→ Your assignment
Extract every line between the one with "otturazione dentale" and the end of the entries, both included, word for word and free of pictures.

→ Given entries

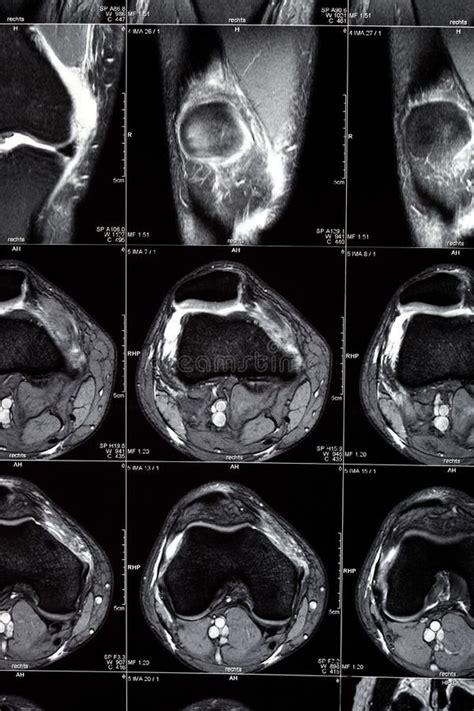 mrt scan stock photo image  hinge center joint picture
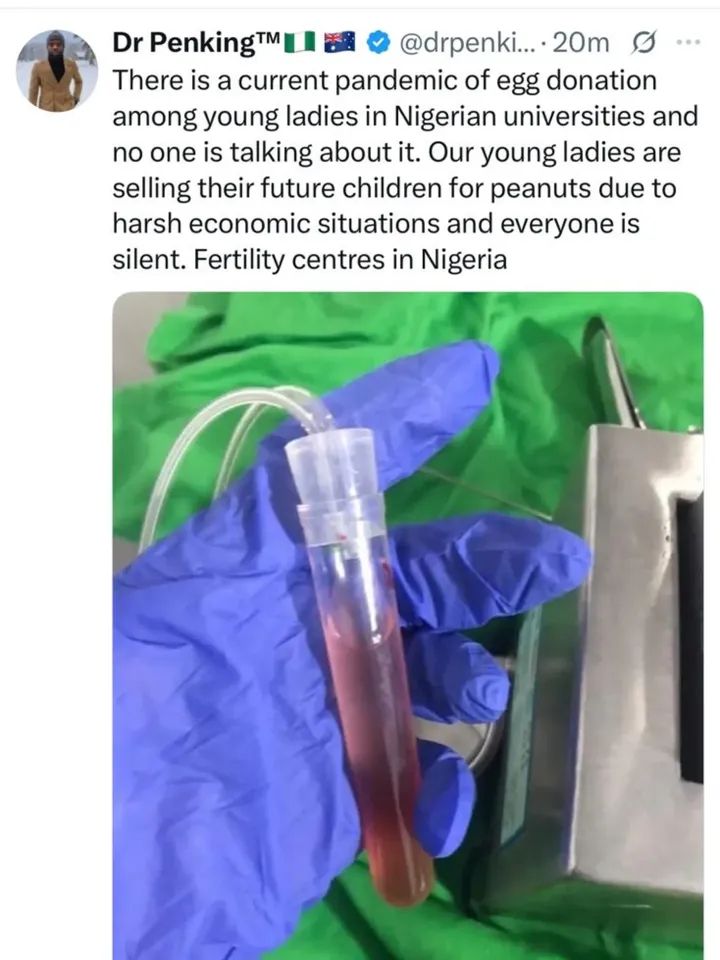Nigerian female students selling their eggs to cope with hardship – Doctor raises alarm  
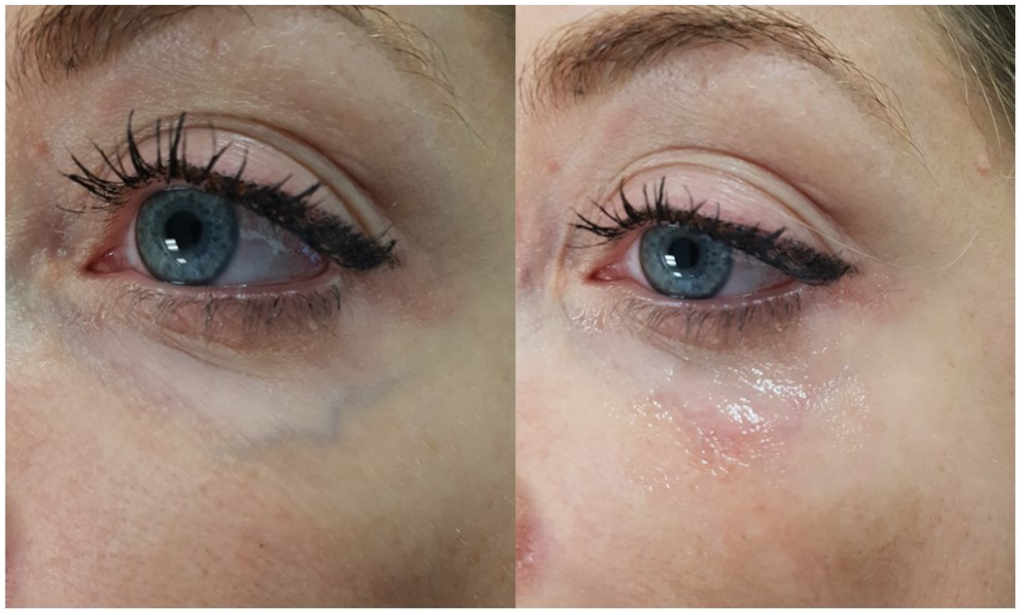 Undereye Veins Treatment Dr Firas AlNiaimi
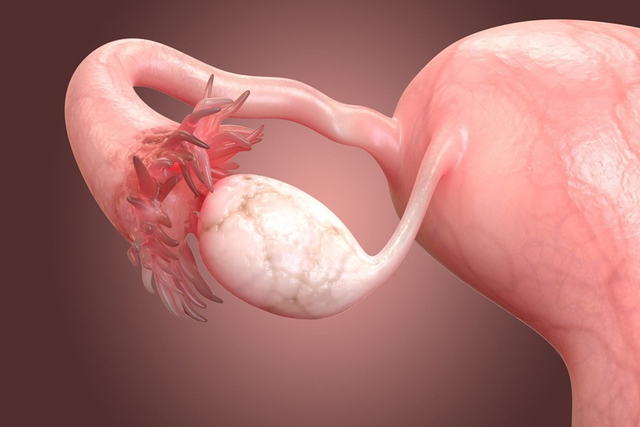 Nguyên nhân u nang buồng trứng và cách hỗ trợ bệnh từ thảo dược - Ảnh 1.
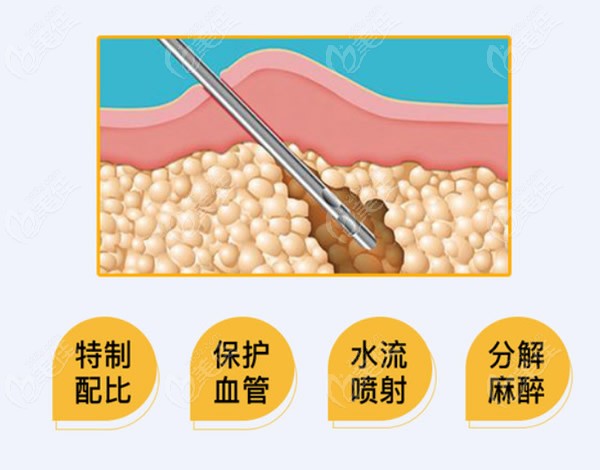 上海美聯(lián)臣醫(yī)院整形價格表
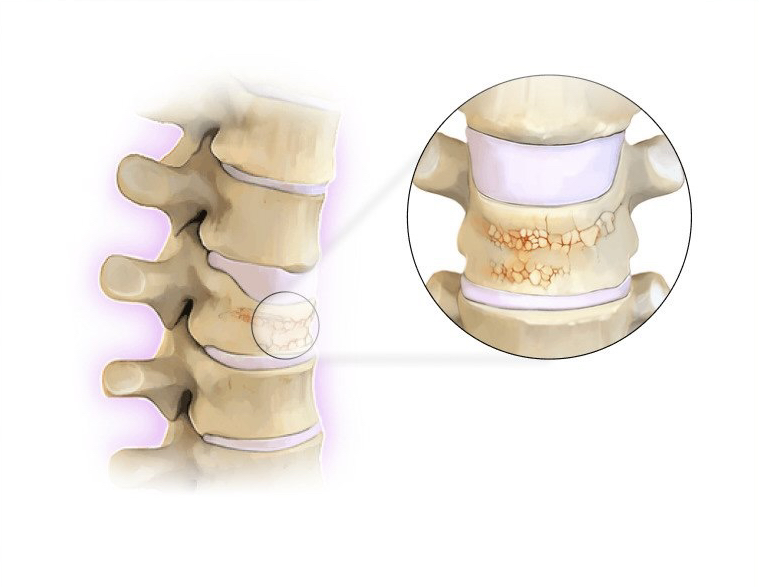 Vertebroplasty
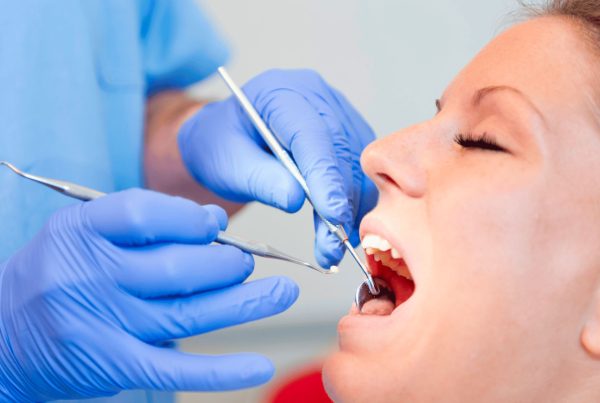 otturazione dentale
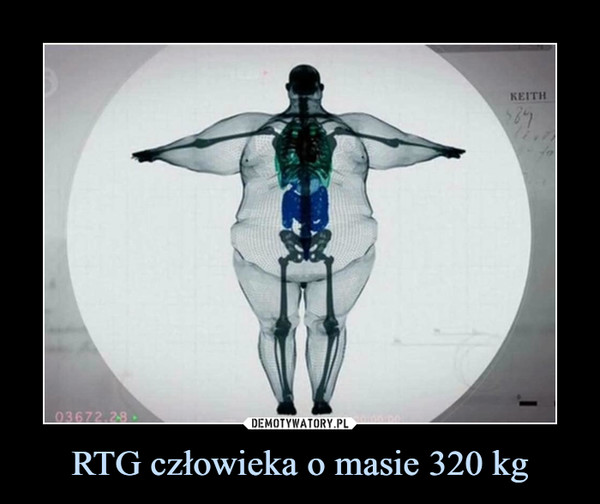 RTG człowieka o masie 320 kg –  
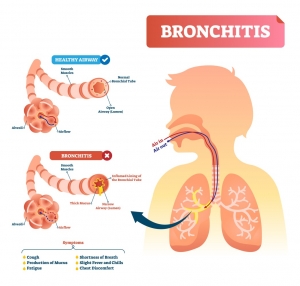 Bronchitis Market Growth Analysis, Trends, Report 2024-34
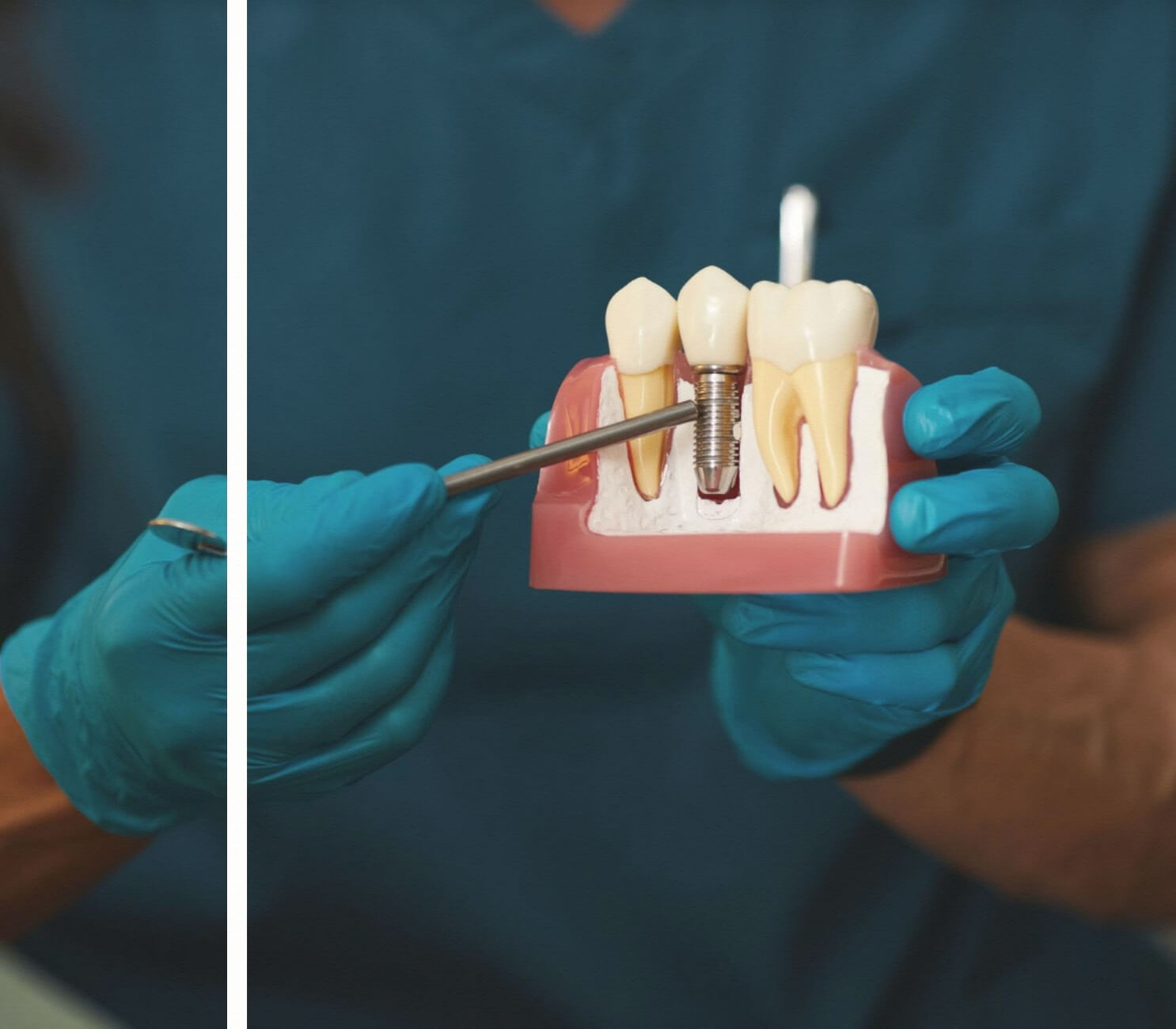 Doktor implant modeli gösteriyor.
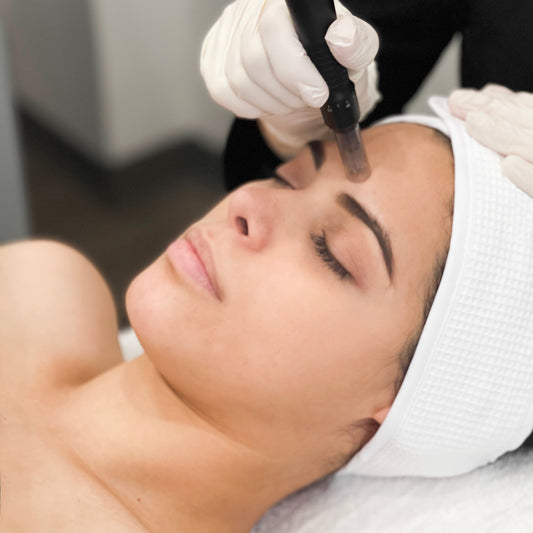 Mesotherapy - Meso Acne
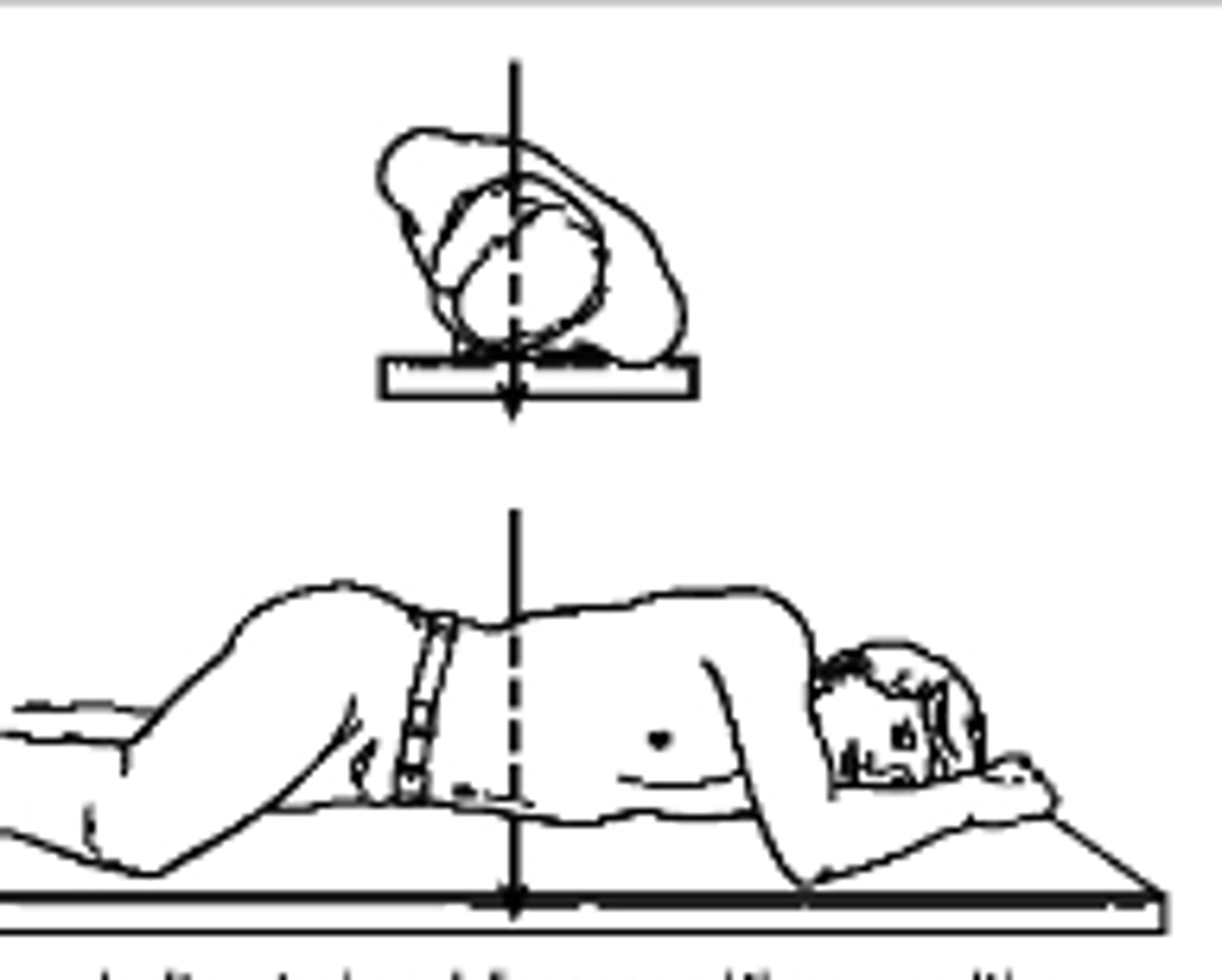 <p>What type of projection is this?</p><p>a. Right AP Oblique</p><p>b. Right PA Oblique</p><p>c. Left AP Oblique</p><p>d. Left PA Oblique</p>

→ Task answer
 otturazione dentale
 RTG człowieka o masie 320 kg –  
 Bronchitis Market Growth Analysis, Trends, Report 2024-34
 Doktor implant modeli gösteriyor.
 Mesotherapy - Meso Acne
 <p>What type of projection is this?</p><p>a. Right AP Oblique</p><p>b. Right PA Oblique</p><p>c. Left AP Oblique</p><p>d. Left PA Oblique</p>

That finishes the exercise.